Evlilik Nedeniyle İşten Ayrılma

blog-law-1

Evlilik nedeniyle işten ayrılma hususu 1475 sayılı İş Kanunun 14. maddesinde düzenlenmiştir Bu Kanun maddesine göre ‘‘…kadının evlendiği tarihten itibaren bir yıl içerisinde kendi arzusu ile sona erdirmesi…’’ denilerek kadın işçiye böyle bir seçimlik hak tanınmıştır. Bu kanun maddesine göre kadın işçi evlendiği tarihten itibaren bir yıl içerisinde iş sözleşmesini sona erdirebilir.  Kanun maddesine baktığımızda böyle bir seçimlik hak sadece kadına verilmiş olup erkek işçinin böyle bir seçimlik hakkı mevcut değildir.

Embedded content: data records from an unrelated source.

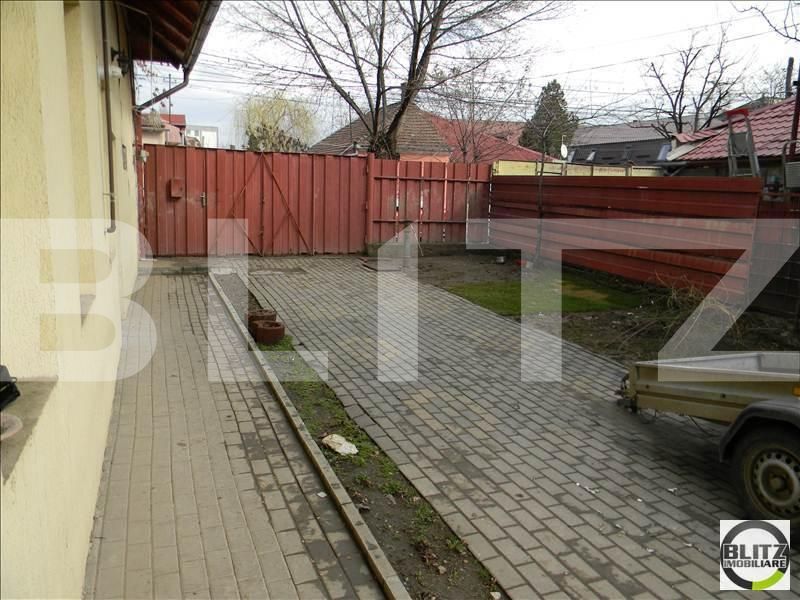 Spațiu birouri de închiriat Semicentral - 20504SIB | BLITZ Cluj-Napoca | Poza9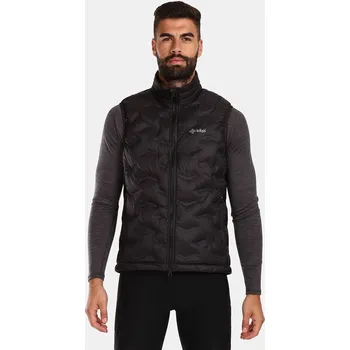 Kilpi NAI-M Pánská zateplená vesta US XXL UM0133KIBLK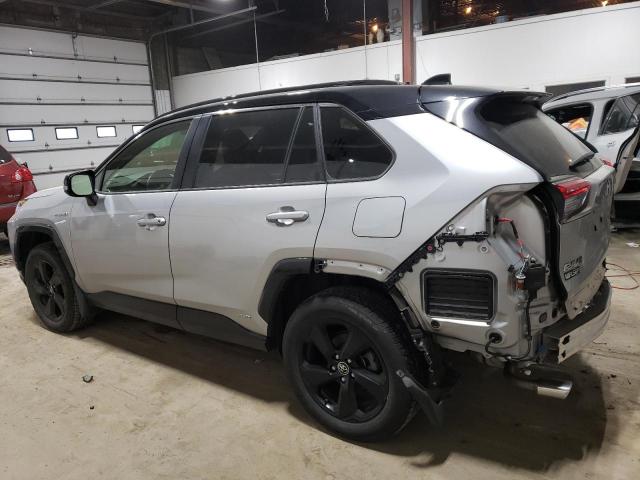 Photo 1 VIN: JTMEWRFV6KJ015305 - TOYOTA RAV4 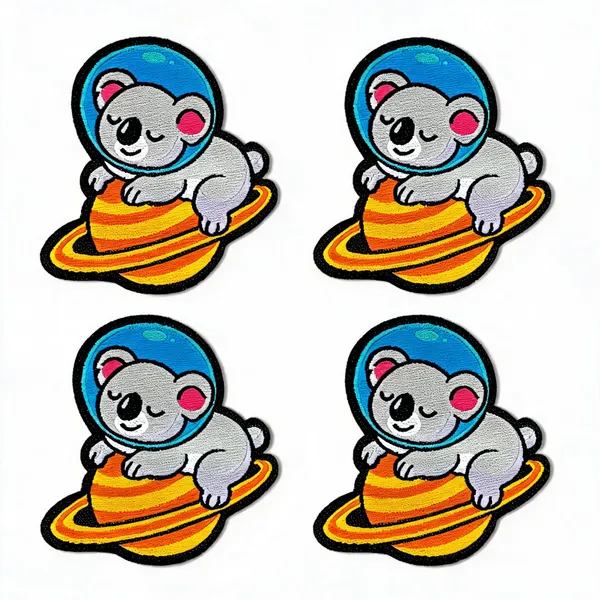 Cozy_Koala_Solo_Patch_Pack_Of_4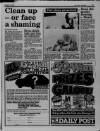 Liverpool Daily Post (Welsh Edition) Wednesday 14 February 1990 Page 9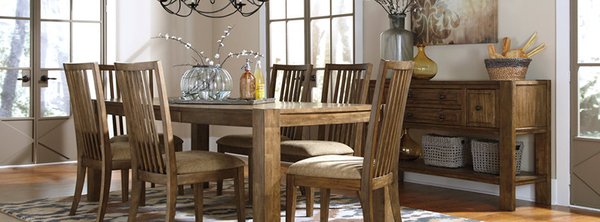 Ashley Store by null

Evlilik nedeniyle kadın işçi tarafından iş sözleşmesi sonu erdirildiği takdirde kıdem tazminatına hak kazanmak mümkün olacak mıdır?

Bu sorunun cevabı aynı kanun maddesinin devamında düzenlenmiştir. Buna göre ‘‘işçinin işe başladığı tarihten itibaren hizmet aktinin devamı süresince her geçen tam yıl için işverence işçiye 30 günlük ücreti tutarında kıdem tazminatı ödenir. Bir yıldan artan süreler için de aynı oran üzerinden ödeme yapılır’’ diyerek kıdem tazminatına hak kazanacağını açık bir şekilde belirtmiştir.

Tüm yukarıdaki açıklamalar kapsamında kadın işçi evlilik nedeniyle iş sözleşmesini bir yıl içerisinde sonlandırabilir. Kıdem tazminatı bakımından gerekli şartları taşıyorsa kıdem tazminatını işverenden talep edebilir.

Evlilik Nedeniyle İşten Ayrılan Kadın İşçi İşveren Tarafından Kıdem Tazminatı Verilmediği Takdirde Ne Yapabilir?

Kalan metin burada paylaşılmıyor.